A new addition to the panorama of Oakville’s pubs, Brü takes the very idea of the public house and adapts it to the demands of contemporary clientele and cravings. The beer list features 15 offerings from local craft brewers such as Mill Street, Lake of Bays, and Great Lakes, plus the very best in domestic and imported ales, pilsners, radlers, IPA,
stouts, and more. Contemporary cocktails and a curated wine list are also featured.

No thirst, no matter how discerning the taste, will go unquenched at Brü’s Lakeshore Road residence.

But just as wine demands pairing, so too does beer. And so Brü has taken the traditions of pub grub and adapted them for both its menu and modernity. General Tso cauliflower topped with sesame seeds and scallions; Kentucky fried calamari served with Alabama white BBQ sauce; gluten-free fish ‘n’ chips with cod and a remoulade dipping sauce; classic burgers and in-house smoked brisket complement any beverage, and suit any trip to Brü.



Spanish and Portuguese cuisines have been intertwined since before the Battle of Ourique. As old as the Reconquista, the culinary traditions of the countries have inspired and informed each other for generations. As much as they share the Iberian Peninsula, so too do they share a love of seafood, mediterranean spices, and the soul of simplicity. Born of peasant foods, Spanish and Portuguese cuisines are of and for the people, and the embodiment of that spirit is present in each dish at Corks.

Borrowing its name from the cork oak forests that populate the Spanish and Portuguese countrysides, Corks offers its fare served in the traditional tapas style. It makes for the perfect setting to enjoy time and tastes with friends, and an indulgence in the grand variety of flavour cuisine of Western Europe. The Oakville restaurant, established in 2009, celebrates people as much as food, a space for sharing and luxuriating in both the joy and experience of dining.

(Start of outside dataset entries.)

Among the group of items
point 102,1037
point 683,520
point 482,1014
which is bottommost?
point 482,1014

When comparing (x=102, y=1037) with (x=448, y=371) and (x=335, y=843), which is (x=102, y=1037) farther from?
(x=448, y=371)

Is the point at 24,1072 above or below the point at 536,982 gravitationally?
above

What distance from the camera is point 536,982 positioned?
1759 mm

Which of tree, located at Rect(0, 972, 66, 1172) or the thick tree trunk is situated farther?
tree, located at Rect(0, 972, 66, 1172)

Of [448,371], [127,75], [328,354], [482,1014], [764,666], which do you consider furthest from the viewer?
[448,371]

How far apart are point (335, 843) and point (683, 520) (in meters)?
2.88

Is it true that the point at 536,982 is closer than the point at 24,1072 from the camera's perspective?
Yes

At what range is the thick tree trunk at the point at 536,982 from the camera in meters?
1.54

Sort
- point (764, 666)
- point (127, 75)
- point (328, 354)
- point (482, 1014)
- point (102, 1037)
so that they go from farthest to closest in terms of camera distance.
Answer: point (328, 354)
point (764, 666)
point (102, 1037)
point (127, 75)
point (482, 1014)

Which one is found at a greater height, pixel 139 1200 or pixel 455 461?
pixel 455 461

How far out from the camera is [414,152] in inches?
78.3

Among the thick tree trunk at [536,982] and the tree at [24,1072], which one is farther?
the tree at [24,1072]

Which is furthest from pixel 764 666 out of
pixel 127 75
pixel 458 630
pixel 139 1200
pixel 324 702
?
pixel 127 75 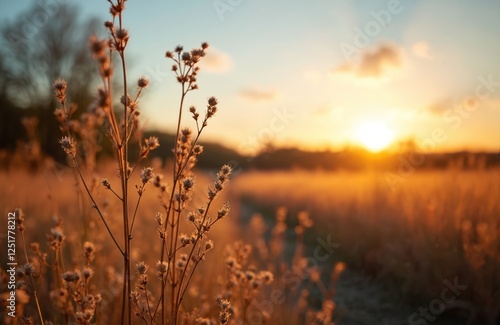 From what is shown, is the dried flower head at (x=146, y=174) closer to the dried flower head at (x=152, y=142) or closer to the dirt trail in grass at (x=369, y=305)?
the dried flower head at (x=152, y=142)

Corks’ seasonal menu features the regions very best in contemporary interpretations of classic Spanish and Portuguese dishes, with a Western flare and infusion. Piquillos with Spanish peppers filled with a broccoli, roasted cauliflower and manchego mousse on top of a saffron leek sofrito; Gambas Al Ajillo: pan seared shrimp with garlic, chili, herbs, smoked paprika and flambéed with brandy; Albondigas: four lamb meatballs in a minted tomato sauce, feta cheese and grilled bread; and Sopa de Marisco with clams, mussels, calamari, shrimp, fresh herbs, garlic, white wine butter sauce and grilled bread. All this plus a variety of paella are sure to transport every palate back to the old country, without stepping foot outside of Southern Ontario.


Like the title of a painting, a great work of literature, or a classic song, a restaurant’s name is an introduction of sorts, a first step towards an experience or indulgence, whimsy and wine. Maluca, loosely translated, means mad, crazy, silly. But, through the filter of its Oakville Wine Bar namesake, Maluca discovers an etymology in the passionate, infatuated, and fantastic, which perfectly describes Southern Ontario’s premiere wine bar.

And just like art that inspires us, that we take with us, a good restaurant takes the essence of its name in order to impress upon its clientele the magnificence of its soul. Maluca is playful, joyful, and indulgent in both its wine list and its menu, its late night lounge and its open-concept dining room. The specifically curated wine list informs its knowledgeable staff, who will perfectly pair your food choices with one of their many wines from home and around the globe.

Maluca’s menu embodies the spirit of its name, with modern interpretations of your favourite wine bar fare. Breaded avocado fries with buttermilk garlic ranch dressing; Ovo Demônios: deviled eggs, garnished with chives, paprika, and crispy pancetta. Bison meatballs with tomato sauce, grana padano cheese, served with house made grilled sourdough; Short Rib Molho Verde: beef short ribs, garlic, chilli, parsley, cilantro, mint basil, and oil. Macarrão squid ink linguini with seafood tomato sauce, fennel, garlic, peppers, and grilled bread; contemporary takes on burgers, fries, and flatbreads; plus charcuterie boards with premium selections of cured meats and cheeses.